▸ **Exercise aim**:
Please give again, exactly and only, the stretch of lines from the one containing "17 hisselik teknik analiz" to the end of the entries below.

▸ **Information**:
'''

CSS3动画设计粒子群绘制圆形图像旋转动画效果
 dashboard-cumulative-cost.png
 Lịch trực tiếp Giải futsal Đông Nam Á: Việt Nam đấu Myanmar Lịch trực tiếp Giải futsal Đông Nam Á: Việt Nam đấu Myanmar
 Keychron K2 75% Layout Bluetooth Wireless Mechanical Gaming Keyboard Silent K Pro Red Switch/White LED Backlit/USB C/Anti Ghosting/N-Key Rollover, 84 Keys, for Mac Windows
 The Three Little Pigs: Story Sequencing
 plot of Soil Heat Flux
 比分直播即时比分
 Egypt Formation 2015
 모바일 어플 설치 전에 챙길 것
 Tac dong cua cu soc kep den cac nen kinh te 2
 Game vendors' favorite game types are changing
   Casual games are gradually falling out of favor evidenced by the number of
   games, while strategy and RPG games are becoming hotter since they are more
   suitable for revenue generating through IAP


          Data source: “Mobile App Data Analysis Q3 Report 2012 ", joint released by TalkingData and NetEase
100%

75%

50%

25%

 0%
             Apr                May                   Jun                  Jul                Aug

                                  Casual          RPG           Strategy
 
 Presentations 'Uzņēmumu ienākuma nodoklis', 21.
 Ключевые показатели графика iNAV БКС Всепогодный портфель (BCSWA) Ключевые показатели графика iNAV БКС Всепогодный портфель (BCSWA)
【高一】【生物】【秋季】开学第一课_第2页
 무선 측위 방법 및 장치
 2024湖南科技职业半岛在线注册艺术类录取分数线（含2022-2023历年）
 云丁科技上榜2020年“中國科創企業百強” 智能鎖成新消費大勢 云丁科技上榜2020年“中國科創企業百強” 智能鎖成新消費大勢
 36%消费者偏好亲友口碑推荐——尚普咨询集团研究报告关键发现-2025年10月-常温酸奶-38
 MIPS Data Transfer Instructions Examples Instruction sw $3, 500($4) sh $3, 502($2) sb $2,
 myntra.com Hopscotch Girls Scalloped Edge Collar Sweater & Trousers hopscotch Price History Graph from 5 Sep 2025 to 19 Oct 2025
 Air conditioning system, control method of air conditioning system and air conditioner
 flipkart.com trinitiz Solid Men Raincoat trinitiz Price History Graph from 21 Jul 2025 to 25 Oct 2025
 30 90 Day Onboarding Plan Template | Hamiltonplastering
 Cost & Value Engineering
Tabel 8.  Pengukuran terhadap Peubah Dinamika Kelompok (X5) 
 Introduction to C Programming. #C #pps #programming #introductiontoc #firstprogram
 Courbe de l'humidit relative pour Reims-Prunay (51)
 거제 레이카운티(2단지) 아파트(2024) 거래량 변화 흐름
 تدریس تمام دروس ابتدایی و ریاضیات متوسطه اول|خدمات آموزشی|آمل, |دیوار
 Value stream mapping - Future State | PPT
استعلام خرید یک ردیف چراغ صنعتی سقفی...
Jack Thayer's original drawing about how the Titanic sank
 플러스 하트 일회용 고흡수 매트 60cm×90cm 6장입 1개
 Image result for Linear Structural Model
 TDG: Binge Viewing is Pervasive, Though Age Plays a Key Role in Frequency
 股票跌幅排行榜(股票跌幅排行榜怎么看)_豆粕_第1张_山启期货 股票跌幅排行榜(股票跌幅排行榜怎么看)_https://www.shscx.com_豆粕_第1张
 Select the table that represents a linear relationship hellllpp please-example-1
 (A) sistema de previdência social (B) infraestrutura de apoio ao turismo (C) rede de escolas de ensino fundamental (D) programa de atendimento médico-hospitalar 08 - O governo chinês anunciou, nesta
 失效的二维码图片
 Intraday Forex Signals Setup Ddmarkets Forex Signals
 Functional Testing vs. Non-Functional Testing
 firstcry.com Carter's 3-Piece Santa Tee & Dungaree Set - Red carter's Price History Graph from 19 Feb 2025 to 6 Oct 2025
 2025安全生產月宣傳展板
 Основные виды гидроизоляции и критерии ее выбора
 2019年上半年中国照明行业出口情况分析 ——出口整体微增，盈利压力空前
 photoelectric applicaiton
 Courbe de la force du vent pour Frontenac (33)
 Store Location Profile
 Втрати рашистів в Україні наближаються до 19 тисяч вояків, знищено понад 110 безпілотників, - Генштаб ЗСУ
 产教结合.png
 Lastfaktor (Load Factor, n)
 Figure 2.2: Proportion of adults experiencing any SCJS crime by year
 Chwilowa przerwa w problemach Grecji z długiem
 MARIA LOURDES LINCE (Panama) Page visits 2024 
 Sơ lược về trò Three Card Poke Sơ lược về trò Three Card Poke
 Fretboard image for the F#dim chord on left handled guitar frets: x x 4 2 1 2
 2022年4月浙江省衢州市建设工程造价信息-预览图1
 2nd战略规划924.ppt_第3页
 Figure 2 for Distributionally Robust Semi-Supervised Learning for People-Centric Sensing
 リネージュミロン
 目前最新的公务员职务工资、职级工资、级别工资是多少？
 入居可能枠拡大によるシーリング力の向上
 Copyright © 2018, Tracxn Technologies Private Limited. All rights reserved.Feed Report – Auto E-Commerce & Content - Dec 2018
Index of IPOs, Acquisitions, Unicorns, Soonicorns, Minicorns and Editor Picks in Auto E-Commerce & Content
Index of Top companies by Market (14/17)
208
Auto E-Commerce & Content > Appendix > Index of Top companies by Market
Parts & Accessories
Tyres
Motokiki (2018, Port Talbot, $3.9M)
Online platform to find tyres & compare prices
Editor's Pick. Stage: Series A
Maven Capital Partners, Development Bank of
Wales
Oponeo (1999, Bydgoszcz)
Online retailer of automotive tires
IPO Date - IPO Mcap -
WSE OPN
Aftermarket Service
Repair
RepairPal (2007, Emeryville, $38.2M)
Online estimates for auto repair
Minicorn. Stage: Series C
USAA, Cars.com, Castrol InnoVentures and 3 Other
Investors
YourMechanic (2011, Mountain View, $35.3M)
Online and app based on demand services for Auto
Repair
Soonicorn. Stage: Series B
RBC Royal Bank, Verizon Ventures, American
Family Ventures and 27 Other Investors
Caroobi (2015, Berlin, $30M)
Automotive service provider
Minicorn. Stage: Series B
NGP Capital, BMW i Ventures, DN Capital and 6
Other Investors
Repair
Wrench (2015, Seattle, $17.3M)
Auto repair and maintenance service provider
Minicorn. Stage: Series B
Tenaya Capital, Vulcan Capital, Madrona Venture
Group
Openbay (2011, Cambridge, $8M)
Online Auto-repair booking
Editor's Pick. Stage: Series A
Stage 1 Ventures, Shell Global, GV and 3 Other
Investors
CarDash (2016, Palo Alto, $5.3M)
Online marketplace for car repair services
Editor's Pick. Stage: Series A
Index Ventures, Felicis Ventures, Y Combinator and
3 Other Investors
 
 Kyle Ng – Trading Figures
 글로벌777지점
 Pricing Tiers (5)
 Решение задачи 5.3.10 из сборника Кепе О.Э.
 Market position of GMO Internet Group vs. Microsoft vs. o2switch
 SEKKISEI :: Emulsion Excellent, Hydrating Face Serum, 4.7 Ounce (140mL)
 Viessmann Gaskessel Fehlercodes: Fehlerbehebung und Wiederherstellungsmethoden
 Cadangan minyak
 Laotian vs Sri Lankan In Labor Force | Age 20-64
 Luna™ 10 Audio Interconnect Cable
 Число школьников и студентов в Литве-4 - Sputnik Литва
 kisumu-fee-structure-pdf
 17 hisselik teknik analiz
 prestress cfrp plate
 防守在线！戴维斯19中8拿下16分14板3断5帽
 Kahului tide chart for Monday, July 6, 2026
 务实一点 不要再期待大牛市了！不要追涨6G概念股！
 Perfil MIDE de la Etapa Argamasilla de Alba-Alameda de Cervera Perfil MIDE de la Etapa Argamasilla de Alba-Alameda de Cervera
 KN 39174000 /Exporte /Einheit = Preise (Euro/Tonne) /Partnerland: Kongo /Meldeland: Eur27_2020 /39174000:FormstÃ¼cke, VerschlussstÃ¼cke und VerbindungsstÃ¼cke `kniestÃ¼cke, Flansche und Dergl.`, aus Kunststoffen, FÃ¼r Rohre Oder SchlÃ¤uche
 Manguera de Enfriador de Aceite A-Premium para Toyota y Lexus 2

'''

▸ **Reply to the exercise**:
 17 hisselik teknik analiz
 prestress cfrp plate
 防守在线！戴维斯19中8拿下16分14板3断5帽
 Kahului tide chart for Monday, July 6, 2026
 务实一点 不要再期待大牛市了！不要追涨6G概念股！
 Perfil MIDE de la Etapa Argamasilla de Alba-Alameda de Cervera Perfil MIDE de la Etapa Argamasilla de Alba-Alameda de Cervera
 KN 39174000 /Exporte /Einheit = Preise (Euro/Tonne) /Partnerland: Kongo /Meldeland: Eur27_2020 /39174000:FormstÃ¼cke, VerschlussstÃ¼cke und VerbindungsstÃ¼cke `kniestÃ¼cke, Flansche und Dergl.`, aus Kunststoffen, FÃ¼r Rohre Oder SchlÃ¤uche
 Manguera de Enfriador de Aceite A-Premium para Toyota y Lexus 2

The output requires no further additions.